**What the exercise asks:**
Search the records below for the word "Dark" and show every line where it occurs.

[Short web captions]
################
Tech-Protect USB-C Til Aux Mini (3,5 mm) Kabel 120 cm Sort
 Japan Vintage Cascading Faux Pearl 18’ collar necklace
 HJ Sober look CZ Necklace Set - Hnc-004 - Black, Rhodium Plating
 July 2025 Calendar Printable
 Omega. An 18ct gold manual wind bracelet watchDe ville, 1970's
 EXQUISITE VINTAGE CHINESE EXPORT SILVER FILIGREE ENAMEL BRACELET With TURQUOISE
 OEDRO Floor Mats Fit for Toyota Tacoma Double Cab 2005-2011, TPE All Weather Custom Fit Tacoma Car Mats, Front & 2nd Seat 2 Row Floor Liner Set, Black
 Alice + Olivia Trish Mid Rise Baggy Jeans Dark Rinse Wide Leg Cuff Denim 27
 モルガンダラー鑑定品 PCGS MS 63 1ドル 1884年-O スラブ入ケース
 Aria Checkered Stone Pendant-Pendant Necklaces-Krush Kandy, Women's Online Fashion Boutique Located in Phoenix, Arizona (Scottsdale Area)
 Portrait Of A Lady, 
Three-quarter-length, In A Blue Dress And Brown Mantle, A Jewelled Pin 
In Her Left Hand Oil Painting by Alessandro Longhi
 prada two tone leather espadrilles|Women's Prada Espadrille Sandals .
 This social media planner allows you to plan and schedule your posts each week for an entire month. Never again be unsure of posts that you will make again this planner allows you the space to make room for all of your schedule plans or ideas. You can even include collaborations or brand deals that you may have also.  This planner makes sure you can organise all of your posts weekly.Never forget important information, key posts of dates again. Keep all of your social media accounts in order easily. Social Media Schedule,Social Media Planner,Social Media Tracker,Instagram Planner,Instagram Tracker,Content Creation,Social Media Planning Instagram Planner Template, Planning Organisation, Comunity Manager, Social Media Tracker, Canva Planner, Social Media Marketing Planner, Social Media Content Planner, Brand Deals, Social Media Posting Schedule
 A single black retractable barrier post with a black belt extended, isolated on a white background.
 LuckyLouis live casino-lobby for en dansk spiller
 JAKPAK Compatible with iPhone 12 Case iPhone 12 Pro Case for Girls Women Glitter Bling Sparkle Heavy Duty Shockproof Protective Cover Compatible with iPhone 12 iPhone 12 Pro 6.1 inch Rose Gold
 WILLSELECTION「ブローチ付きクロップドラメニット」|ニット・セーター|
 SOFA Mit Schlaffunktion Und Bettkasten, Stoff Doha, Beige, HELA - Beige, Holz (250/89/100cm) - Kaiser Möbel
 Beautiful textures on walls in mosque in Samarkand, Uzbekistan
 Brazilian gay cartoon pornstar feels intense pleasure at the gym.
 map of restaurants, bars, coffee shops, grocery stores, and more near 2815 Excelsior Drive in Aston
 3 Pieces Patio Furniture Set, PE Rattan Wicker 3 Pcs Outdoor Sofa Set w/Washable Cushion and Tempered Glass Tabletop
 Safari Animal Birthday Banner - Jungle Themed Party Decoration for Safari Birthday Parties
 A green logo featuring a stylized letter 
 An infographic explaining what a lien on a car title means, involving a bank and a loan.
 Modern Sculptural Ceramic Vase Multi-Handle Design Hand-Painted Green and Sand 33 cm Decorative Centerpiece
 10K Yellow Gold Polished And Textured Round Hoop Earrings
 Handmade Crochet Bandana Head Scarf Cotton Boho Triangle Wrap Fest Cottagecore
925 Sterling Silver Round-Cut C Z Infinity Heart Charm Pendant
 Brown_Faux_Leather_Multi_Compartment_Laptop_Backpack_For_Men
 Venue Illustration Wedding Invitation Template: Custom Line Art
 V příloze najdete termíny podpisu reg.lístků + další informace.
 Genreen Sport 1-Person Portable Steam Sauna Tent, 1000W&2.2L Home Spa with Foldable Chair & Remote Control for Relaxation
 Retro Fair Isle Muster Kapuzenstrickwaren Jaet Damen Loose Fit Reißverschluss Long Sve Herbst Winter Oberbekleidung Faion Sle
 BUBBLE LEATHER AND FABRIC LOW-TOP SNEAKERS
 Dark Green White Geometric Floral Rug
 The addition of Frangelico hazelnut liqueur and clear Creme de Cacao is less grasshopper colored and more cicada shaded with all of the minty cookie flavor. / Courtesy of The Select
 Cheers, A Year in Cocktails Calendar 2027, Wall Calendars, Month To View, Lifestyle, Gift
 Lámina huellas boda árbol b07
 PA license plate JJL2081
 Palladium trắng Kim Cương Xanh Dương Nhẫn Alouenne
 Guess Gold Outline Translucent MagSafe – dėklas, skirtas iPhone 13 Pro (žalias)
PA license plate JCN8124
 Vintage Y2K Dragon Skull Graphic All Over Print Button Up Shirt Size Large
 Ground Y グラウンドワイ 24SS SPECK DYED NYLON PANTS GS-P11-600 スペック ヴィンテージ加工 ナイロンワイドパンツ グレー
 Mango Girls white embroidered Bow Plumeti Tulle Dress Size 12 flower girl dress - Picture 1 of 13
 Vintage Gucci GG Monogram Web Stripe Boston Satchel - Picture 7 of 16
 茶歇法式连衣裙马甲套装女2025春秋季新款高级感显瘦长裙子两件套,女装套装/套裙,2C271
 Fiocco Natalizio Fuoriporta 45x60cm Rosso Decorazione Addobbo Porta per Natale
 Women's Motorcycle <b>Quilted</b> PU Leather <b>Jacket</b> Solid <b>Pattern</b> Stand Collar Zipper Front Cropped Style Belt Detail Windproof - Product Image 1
################
**Solution for this task:**
 Alice + Olivia Trish Mid Rise Baggy Jeans Dark Rinse Wide Leg Cuff Denim 27
 Dark Green White Geometric Floral Rug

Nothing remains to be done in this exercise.